> Exercise brief
From the data below, copy exactly the lines that lie between the one holding "Pop It Sensory" and the one holding "Horses of the", including both, and nothing more.

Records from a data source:
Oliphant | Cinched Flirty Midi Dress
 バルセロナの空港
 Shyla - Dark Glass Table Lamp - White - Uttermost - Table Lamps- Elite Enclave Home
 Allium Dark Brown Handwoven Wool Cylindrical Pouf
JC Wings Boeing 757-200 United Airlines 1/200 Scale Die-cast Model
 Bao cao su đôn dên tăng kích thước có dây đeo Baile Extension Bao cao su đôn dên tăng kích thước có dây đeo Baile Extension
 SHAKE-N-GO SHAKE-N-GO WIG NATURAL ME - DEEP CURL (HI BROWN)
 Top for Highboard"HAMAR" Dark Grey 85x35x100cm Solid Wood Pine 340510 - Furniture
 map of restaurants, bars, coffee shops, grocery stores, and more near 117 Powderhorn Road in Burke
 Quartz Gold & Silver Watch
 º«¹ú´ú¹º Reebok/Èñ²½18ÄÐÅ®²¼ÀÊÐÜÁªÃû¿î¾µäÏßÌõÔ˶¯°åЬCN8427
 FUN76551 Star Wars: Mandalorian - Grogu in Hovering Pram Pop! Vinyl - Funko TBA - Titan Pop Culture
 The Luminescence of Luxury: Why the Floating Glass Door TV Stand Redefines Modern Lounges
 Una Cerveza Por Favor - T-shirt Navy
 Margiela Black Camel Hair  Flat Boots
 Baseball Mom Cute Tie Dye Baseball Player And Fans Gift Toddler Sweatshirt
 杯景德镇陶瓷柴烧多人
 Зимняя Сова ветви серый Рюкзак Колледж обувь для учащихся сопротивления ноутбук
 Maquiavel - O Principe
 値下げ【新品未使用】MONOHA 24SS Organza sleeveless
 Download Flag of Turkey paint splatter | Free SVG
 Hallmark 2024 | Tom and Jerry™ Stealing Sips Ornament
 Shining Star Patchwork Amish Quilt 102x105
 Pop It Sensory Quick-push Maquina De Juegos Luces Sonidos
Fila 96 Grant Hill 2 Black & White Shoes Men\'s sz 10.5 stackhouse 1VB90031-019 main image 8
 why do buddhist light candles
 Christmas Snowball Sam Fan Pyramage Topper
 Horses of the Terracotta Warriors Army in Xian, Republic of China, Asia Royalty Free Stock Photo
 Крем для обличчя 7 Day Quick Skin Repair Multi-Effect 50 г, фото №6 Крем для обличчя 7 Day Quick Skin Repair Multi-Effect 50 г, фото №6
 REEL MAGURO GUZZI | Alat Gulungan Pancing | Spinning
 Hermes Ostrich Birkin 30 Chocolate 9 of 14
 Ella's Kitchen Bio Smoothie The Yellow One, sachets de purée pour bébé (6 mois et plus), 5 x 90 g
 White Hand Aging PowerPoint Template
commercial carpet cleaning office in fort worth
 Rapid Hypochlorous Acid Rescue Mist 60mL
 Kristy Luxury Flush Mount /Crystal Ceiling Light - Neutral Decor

> Answer box
 Pop It Sensory Quick-push Maquina De Juegos Luces Sonidos
Fila 96 Grant Hill 2 Black & White Shoes Men\'s sz 10.5 stackhouse 1VB90031-019 main image 8
 why do buddhist light candles
 Christmas Snowball Sam Fan Pyramage Topper
 Horses of the Terracotta Warriors Army in Xian, Republic of China, Asia Royalty Free Stock Photo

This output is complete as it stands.